══ Supplied entries ══

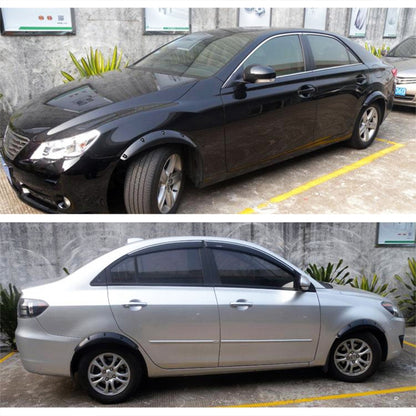 2 PCS 58cm Car Stickers Rubber Large Round Arc Strips Universal Fender Flares Wheel Eyebrow Decal Sticker Eyebrow Car-covers Black Striped Round Arc Strips, 58cm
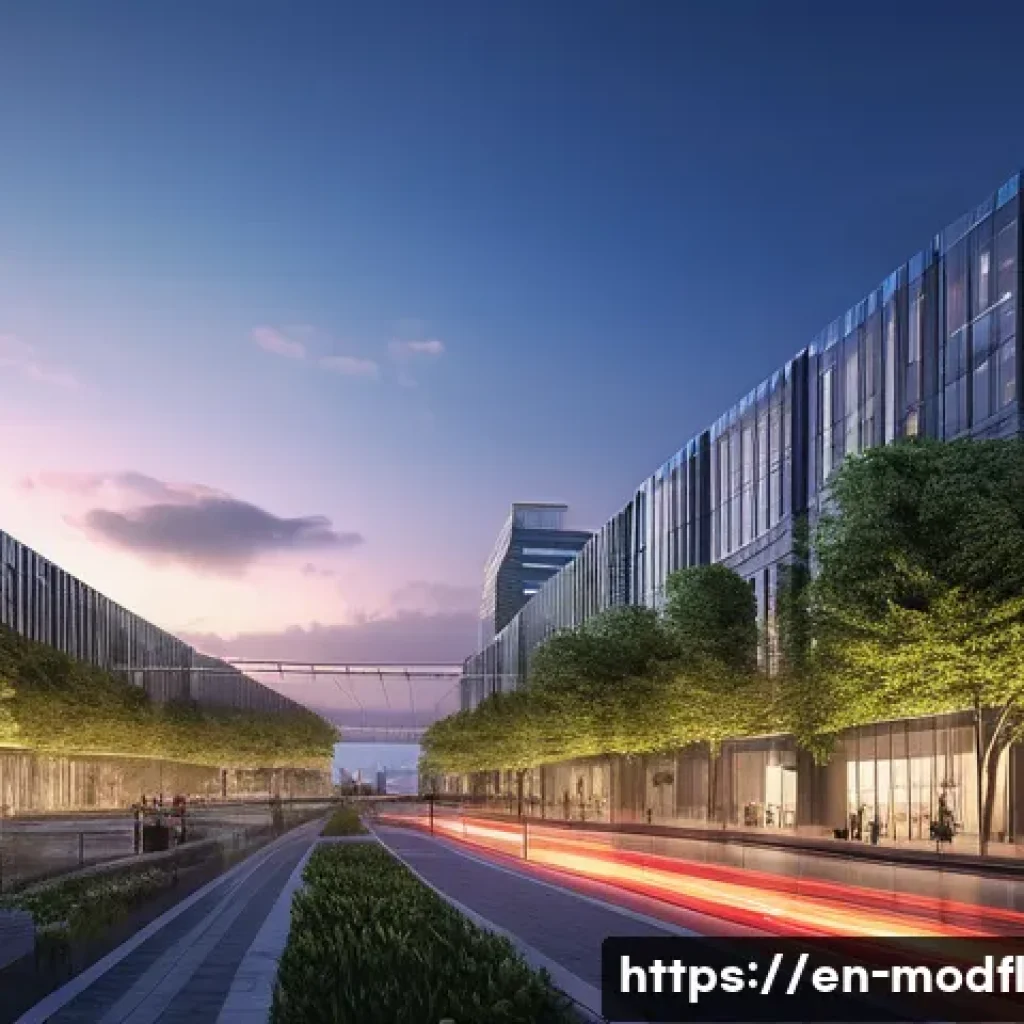 넷제로 전환 경제 모델의 성공 요인 - **Prompt:** A sprawling, futuristic city skyline at dawn, showcasing a harmonious integration of adv...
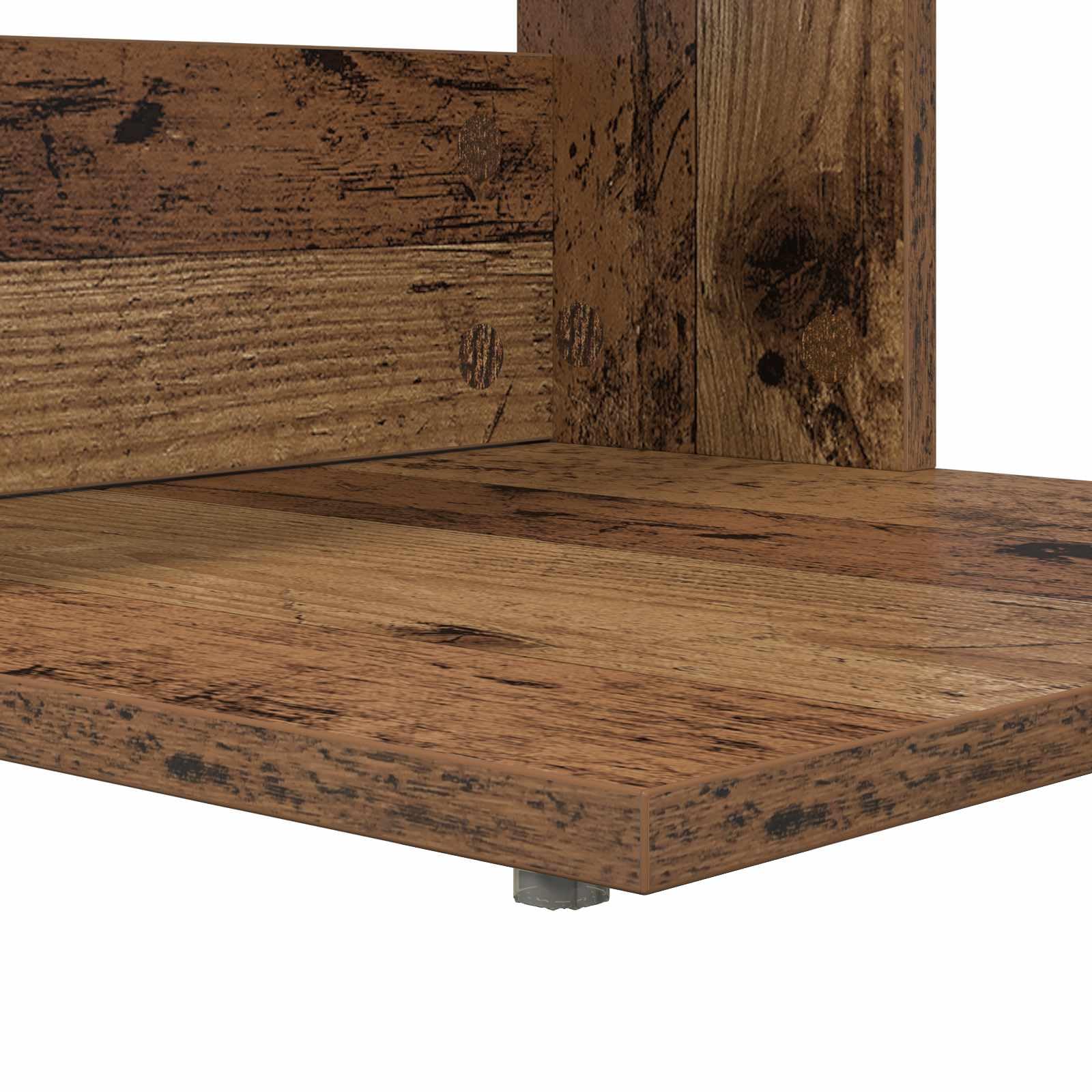 Mesa auxiliar en aspecto de madera vieja, 40 x 38 x 62,5 cm, moderna mesa de centro de madera para salón, mesa de sofá pequeña estable como mesita de noche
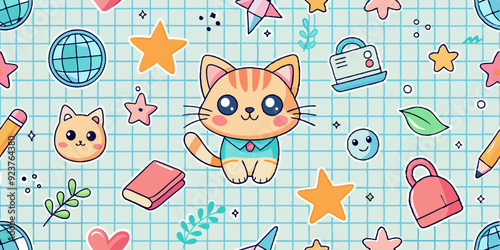 Kids doodle seamless pattern, vector back to school cartoon scribble texture, cute kitten, star. Children kindergarten hand drawn copybook sheet grid, funny colorful baby textile. Kids doodle print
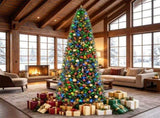 9 FT Pencil Artificial Christmas Tree Pre-Lit 550 LED Lights, 9 Lighting Modes 2 Colors, PE PVC 48121167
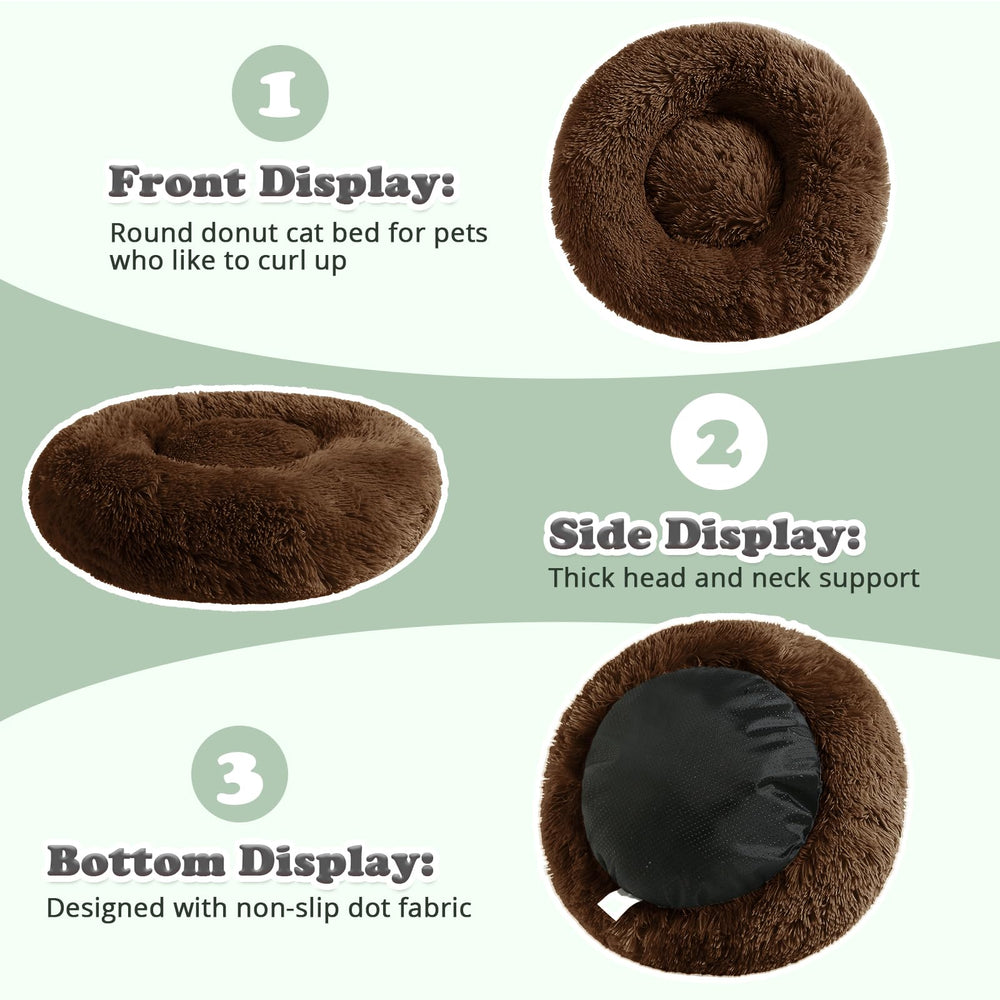 JOLLYVOGUE donut bed non-slip bottom keeps bed in place during play.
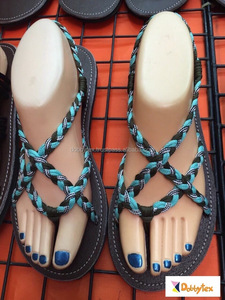 Sandalias/Zapatos de Cuerda Hechos a Mano con Trenzado Blanco y Marrón Dobbytex DBTS13, Estilo Tribal / Hmong / Verano / Africano - Product Image 1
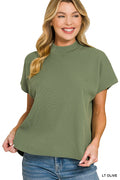 Zenana Mock Neck Cap Sleeve Knit Top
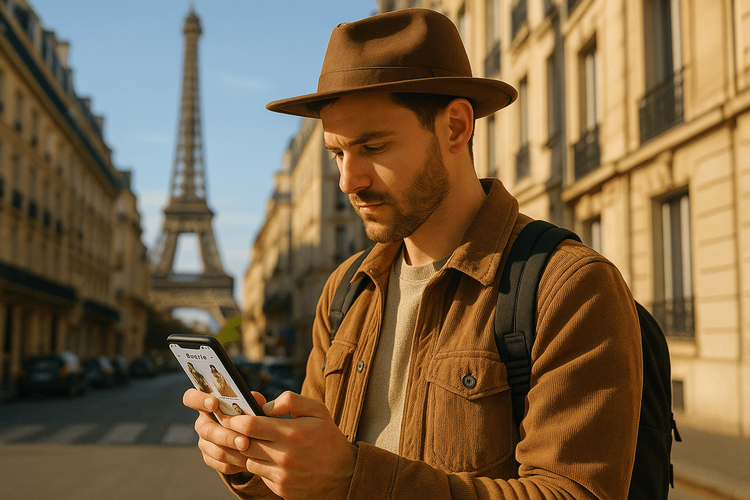 Traveler standing on a Paris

═══

▶ _How to complete this task_
Images are to be left out when the records above are written out again exactly.

▶ _Finished exercise_
 2 PCS 58cm Car Stickers Rubber Large Round Arc Strips Universal Fender Flares Wheel Eyebrow Decal Sticker Eyebrow Car-covers Black Striped Round Arc Strips, 58cm
 넷제로 전환 경제 모델의 성공 요인 - **Prompt:** A sprawling, futuristic city skyline at dawn, showcasing a harmonious integration of adv...
 Mesa auxiliar en aspecto de madera vieja, 40 x 38 x 62,5 cm, moderna mesa de centro de madera para salón, mesa de sofá pequeña estable como mesita de noche
 Kids doodle seamless pattern, vector back to school cartoon scribble texture, cute kitten, star. Children kindergarten hand drawn copybook sheet grid, funny colorful baby textile. Kids doodle print
 9 FT Pencil Artificial Christmas Tree Pre-Lit 550 LED Lights, 9 Lighting Modes 2 Colors, PE PVC 48121167
 JOLLYVOGUE donut bed non-slip bottom keeps bed in place during play.
 Sandalias/Zapatos de Cuerda Hechos a Mano con Trenzado Blanco y Marrón Dobbytex DBTS13, Estilo Tribal / Hmong / Verano / Africano - Product Image 1
 Zenana Mock Neck Cap Sleeve Knit Top
 Traveler standing on a Paris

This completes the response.